▶ _Task directions_
From the records below, transcribe only the lines running from the one with "HELILAI Black Basic" through the one with "18027 W Clover Ln, Alvin, TX 77511 - Photo 7". Keep both of those end lines.

▶ _Data records_
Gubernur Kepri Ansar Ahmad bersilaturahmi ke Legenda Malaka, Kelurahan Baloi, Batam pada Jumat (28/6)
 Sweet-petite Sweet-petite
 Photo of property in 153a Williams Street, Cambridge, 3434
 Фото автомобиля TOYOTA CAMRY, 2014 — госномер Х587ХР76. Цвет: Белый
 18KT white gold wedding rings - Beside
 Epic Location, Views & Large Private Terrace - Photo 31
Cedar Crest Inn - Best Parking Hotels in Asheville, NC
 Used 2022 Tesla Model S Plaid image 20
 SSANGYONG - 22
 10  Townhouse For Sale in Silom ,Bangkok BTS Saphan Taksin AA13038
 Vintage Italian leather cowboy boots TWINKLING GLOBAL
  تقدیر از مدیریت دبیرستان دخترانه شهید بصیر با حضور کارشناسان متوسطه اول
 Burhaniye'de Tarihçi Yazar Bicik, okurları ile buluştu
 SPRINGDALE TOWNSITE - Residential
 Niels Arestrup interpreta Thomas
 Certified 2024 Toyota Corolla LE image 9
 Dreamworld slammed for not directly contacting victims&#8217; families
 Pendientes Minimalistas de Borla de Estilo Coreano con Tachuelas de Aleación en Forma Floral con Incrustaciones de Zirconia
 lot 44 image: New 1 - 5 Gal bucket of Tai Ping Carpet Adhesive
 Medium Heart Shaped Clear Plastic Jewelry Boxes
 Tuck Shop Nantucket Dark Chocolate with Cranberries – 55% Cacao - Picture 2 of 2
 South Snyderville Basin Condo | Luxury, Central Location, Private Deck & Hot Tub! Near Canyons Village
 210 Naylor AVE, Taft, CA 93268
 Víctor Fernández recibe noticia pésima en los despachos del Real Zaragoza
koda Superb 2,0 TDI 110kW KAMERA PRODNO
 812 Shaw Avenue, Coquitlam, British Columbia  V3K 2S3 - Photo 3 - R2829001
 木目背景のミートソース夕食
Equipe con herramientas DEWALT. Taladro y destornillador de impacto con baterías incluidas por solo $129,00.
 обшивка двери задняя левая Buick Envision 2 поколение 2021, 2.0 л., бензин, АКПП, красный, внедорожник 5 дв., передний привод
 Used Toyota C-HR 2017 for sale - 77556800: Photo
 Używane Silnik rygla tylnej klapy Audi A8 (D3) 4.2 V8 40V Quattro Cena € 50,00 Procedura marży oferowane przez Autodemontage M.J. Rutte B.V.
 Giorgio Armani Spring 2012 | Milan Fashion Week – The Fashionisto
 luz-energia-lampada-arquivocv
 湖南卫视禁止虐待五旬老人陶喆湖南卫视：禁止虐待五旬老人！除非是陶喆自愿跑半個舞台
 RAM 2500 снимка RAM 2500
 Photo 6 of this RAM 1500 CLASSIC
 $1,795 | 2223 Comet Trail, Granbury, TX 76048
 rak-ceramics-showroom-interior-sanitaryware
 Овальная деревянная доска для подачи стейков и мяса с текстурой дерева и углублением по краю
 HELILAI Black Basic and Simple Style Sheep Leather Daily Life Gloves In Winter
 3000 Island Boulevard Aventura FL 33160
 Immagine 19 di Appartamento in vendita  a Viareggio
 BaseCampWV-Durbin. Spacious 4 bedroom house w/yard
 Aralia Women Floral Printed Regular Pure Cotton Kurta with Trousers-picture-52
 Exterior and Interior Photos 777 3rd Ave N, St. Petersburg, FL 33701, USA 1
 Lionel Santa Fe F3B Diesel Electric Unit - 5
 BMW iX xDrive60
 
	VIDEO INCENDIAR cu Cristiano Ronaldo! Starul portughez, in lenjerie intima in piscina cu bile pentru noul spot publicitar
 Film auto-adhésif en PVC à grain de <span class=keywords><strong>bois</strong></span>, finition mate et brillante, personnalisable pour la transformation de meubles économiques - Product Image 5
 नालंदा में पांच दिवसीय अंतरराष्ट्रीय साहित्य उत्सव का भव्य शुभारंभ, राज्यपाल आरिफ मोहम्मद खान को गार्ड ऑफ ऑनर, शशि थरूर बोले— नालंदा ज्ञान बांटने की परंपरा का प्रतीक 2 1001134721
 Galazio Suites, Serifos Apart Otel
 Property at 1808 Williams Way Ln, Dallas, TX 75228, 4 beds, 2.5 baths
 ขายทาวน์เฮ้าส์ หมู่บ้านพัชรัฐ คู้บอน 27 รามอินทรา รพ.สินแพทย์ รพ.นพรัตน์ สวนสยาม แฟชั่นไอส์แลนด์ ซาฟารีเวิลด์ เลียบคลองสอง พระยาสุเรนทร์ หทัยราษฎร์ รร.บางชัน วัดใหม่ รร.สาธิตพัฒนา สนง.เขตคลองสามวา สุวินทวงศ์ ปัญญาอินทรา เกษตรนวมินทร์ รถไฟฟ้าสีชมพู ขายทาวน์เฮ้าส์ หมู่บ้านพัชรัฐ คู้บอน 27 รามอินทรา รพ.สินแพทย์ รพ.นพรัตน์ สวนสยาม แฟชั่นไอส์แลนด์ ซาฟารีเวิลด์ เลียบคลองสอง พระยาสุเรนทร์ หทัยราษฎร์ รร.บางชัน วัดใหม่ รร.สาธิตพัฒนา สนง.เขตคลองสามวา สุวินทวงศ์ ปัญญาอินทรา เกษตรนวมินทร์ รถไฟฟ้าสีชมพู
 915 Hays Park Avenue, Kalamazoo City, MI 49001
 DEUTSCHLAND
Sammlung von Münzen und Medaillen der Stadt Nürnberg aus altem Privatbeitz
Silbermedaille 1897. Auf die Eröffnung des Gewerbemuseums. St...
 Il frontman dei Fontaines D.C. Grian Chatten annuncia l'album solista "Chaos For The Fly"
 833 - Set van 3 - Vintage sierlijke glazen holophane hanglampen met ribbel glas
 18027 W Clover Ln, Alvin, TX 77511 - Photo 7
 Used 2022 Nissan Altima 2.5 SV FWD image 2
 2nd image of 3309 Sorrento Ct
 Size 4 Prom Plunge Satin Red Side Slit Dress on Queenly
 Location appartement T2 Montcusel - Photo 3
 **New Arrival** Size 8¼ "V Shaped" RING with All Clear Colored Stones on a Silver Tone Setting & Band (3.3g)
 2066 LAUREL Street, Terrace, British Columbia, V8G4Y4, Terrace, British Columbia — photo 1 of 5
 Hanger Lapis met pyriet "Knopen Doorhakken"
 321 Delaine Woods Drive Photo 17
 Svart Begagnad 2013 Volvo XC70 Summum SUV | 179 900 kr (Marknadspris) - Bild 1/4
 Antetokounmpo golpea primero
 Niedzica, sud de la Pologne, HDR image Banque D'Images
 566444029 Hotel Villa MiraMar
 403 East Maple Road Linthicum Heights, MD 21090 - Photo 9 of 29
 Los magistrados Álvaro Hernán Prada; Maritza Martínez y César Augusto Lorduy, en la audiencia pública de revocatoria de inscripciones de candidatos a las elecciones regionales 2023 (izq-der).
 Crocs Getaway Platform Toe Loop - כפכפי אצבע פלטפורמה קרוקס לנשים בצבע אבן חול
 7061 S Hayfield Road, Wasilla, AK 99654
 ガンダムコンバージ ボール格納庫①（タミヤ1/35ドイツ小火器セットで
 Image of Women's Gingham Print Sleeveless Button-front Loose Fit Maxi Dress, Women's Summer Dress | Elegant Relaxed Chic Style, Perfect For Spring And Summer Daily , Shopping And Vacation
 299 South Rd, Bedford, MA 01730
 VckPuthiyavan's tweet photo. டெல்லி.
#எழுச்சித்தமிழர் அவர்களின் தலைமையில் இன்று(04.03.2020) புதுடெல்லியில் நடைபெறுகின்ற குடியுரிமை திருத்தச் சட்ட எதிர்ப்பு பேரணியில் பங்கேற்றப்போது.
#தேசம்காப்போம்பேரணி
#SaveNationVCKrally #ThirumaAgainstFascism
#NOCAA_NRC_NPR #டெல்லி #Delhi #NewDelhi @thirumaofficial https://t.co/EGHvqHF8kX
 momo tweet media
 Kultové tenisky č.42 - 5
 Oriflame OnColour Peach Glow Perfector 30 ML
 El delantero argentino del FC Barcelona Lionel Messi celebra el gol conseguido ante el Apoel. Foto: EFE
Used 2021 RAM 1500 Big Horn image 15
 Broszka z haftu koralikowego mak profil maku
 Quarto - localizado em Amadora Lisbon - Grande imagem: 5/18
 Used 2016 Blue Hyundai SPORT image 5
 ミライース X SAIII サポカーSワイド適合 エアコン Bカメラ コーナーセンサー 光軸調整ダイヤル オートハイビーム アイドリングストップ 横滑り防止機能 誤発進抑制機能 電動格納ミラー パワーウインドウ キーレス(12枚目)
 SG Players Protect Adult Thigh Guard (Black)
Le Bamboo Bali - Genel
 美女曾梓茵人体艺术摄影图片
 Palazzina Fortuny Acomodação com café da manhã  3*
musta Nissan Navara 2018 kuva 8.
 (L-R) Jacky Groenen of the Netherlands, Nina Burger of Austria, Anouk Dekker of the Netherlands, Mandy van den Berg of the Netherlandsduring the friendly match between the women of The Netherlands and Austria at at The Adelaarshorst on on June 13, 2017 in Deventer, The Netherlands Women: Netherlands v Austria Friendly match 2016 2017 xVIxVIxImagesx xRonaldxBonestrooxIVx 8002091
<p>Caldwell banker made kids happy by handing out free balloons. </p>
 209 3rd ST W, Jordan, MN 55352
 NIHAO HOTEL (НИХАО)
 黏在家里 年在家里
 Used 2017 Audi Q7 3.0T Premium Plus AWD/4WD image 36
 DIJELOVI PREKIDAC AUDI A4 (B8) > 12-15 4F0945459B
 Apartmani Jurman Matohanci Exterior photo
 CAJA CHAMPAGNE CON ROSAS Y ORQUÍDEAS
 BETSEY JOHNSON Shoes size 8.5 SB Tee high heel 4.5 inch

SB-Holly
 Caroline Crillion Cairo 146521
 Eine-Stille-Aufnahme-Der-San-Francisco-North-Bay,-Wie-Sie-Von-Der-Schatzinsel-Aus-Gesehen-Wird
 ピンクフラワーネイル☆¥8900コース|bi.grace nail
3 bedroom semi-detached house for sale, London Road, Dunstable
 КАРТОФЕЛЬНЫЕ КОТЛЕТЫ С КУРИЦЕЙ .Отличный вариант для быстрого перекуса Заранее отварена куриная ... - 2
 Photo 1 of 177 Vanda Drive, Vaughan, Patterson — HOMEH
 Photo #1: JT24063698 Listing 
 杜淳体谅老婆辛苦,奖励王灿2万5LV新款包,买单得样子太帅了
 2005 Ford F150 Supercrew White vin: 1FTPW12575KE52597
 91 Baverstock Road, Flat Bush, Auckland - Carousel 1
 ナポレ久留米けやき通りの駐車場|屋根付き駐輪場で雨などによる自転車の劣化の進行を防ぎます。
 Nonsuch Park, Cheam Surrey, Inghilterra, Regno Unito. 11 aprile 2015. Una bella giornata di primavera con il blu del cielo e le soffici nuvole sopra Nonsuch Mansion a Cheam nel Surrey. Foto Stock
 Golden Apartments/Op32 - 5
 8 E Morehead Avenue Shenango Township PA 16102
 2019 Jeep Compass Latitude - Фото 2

▶ _The completed task_
 HELILAI Black Basic and Simple Style Sheep Leather Daily Life Gloves In Winter
 3000 Island Boulevard Aventura FL 33160
 Immagine 19 di Appartamento in vendita  a Viareggio
 BaseCampWV-Durbin. Spacious 4 bedroom house w/yard
 Aralia Women Floral Printed Regular Pure Cotton Kurta with Trousers-picture-52
 Exterior and Interior Photos 777 3rd Ave N, St. Petersburg, FL 33701, USA 1
 Lionel Santa Fe F3B Diesel Electric Unit - 5
 BMW iX xDrive60
 
	VIDEO INCENDIAR cu Cristiano Ronaldo! Starul portughez, in lenjerie intima in piscina cu bile pentru noul spot publicitar
 Film auto-adhésif en PVC à grain de <span class=keywords><strong>bois</strong></span>, finition mate et brillante, personnalisable pour la transformation de meubles économiques - Product Image 5
 नालंदा में पांच दिवसीय अंतरराष्ट्रीय साहित्य उत्सव का भव्य शुभारंभ, राज्यपाल आरिफ मोहम्मद खान को गार्ड ऑफ ऑनर, शशि थरूर बोले— नालंदा ज्ञान बांटने की परंपरा का प्रतीक 2 1001134721
 Galazio Suites, Serifos Apart Otel
 Property at 1808 Williams Way Ln, Dallas, TX 75228, 4 beds, 2.5 baths
 ขายทาวน์เฮ้าส์ หมู่บ้านพัชรัฐ คู้บอน 27 รามอินทรา รพ.สินแพทย์ รพ.นพรัตน์ สวนสยาม แฟชั่นไอส์แลนด์ ซาฟารีเวิลด์ เลียบคลองสอง พระยาสุเรนทร์ หทัยราษฎร์ รร.บางชัน วัดใหม่ รร.สาธิตพัฒนา สนง.เขตคลองสามวา สุวินทวงศ์ ปัญญาอินทรา เกษตรนวมินทร์ รถไฟฟ้าสีชมพู ขายทาวน์เฮ้าส์ หมู่บ้านพัชรัฐ คู้บอน 27 รามอินทรา รพ.สินแพทย์ รพ.นพรัตน์ สวนสยาม แฟชั่นไอส์แลนด์ ซาฟารีเวิลด์ เลียบคลองสอง พระยาสุเรนทร์ หทัยราษฎร์ รร.บางชัน วัดใหม่ รร.สาธิตพัฒนา สนง.เขตคลองสามวา สุวินทวงศ์ ปัญญาอินทรา เกษตรนวมินทร์ รถไฟฟ้าสีชมพู
 915 Hays Park Avenue, Kalamazoo City, MI 49001
 DEUTSCHLAND
Sammlung von Münzen und Medaillen der Stadt Nürnberg aus altem Privatbeitz
Silbermedaille 1897. Auf die Eröffnung des Gewerbemuseums. St...
 Il frontman dei Fontaines D.C. Grian Chatten annuncia l'album solista "Chaos For The Fly"
 833 - Set van 3 - Vintage sierlijke glazen holophane hanglampen met ribbel glas
 18027 W Clover Ln, Alvin, TX 77511 - Photo 7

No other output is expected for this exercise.